Long-term Goal over the Next Four Years
The Executive Director Gidon Ariel and I agreed that a theological degree would be a better platform to academically direct the seminarians than a medical degree and I have completed the first semester of that degree at the John W. Rawlings School of Divinity at Liberty University to pursue a Doctorate of Biblical Languages. During March and April, I’ll be submitting a “Capstone internship” entitled “Midrashic Hermeneutics of the New Testament” that will include revised lecture slides for 250 lectures and 250 three-minute teaching videos summarizing the lectures for the internship goals. This will be in anticipation that I’ll be allowed to do a dissertation on the same subject to be used as the academic textbook for the Institute. And in the spring we’ll be looking for new fellows for the Institute.

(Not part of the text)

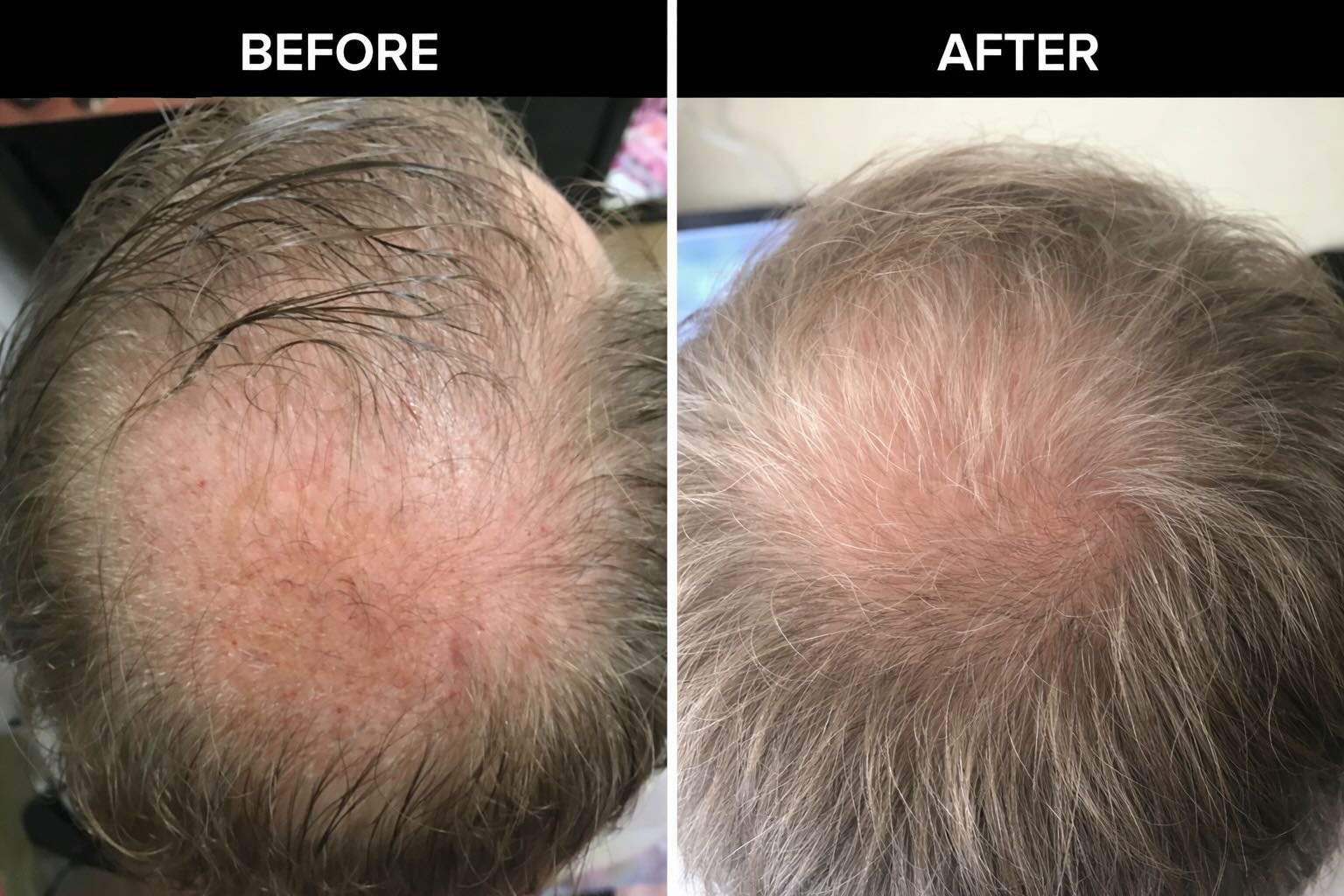 Scalp care gallery image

The long-term goal is for the Institute to be associated with and funded by one or more seminaries overseen by Root Source. Midrashic principles in the New Testament are a wholly unchartered area of hermeneutics for Christians. I have formulated three principles to guide the research:
1) The findings must be reproducible by others, that is, there must be a logical methodology to its thesis (without mental acrobatics).

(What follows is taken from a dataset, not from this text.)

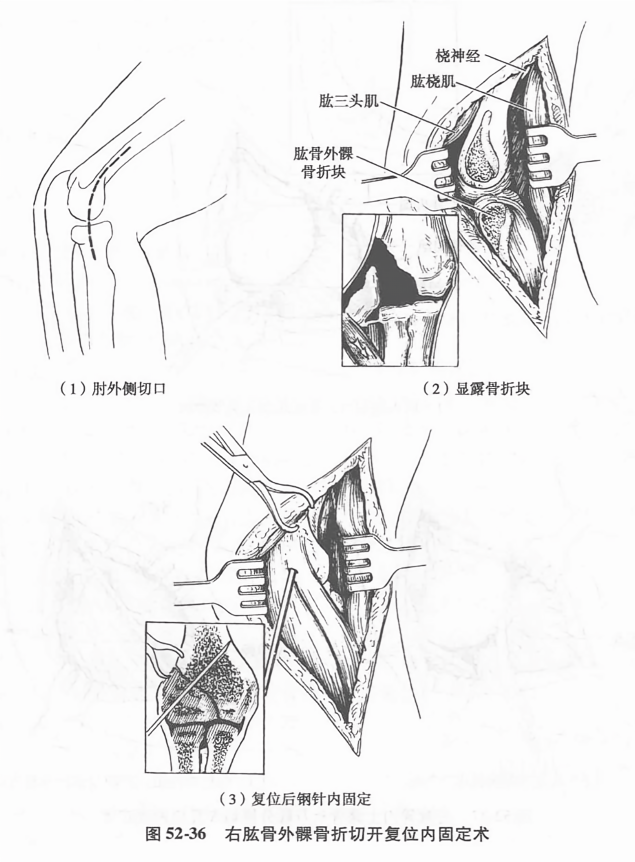 右肱骨外髁骨折切开复位内固定术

2) The findings must point to the original reasoning of Scripture without any change in doctrine (even leading to the understanding of the prophets).
3) The credible patterns of argument must carry the power that is capable of convincing by itself but leading to a stronger conviction of faith in Jesus the Messiah.
Additionally, briefly, it appears that there are three components to Paul’s commentary of the Hebrew Scriptures. In Neusner’s Encyclopaedia of Midrash it is stated, “If by midrash we mean free commentary on biblical texts through narrative expansion, quotation of masters of the past, and diverse forms of reasoning, there is no Jewish text written in Greek that is in every respect midrashic.” The two roles of leadership include the visionary role and the implementation role. “Setting the course” has involved providing visual parameters. For example Paul’s Hellenistic Jewish Midrash can be diagrammatically simplified with a Venn diagram with three components: Jewish elements, Hellenistic elements and other elements. Figure 1.) Such guidance assists the seminarians to stay on the same page as a group.
Figure 1. Venn diagram illustrating the three components of the Hellenistic Midrash. Some components are recognized as Judaic and Hellenistic. There are Roman and mathematical principles that fall into the “Other principles” category.
1 Folker Siegert, “Hellenistic Jewish Midrash, I: Beginnings,” in Encyclopaedia of Midrash: Biblical Interpretation in Formative Judaism, Volume One, ed. Jacob Neusner and Alan J. Avery-Peck (Atlanta: SBL Press, 2005), 199.
2 Blanchard, Kenneth H. and Phil Hodges. Lead Like Jesus Revisited: Lessons from the Greatest Leadership Model of all Time. Nashville, TN: W. Pub. Group, 2005, 142.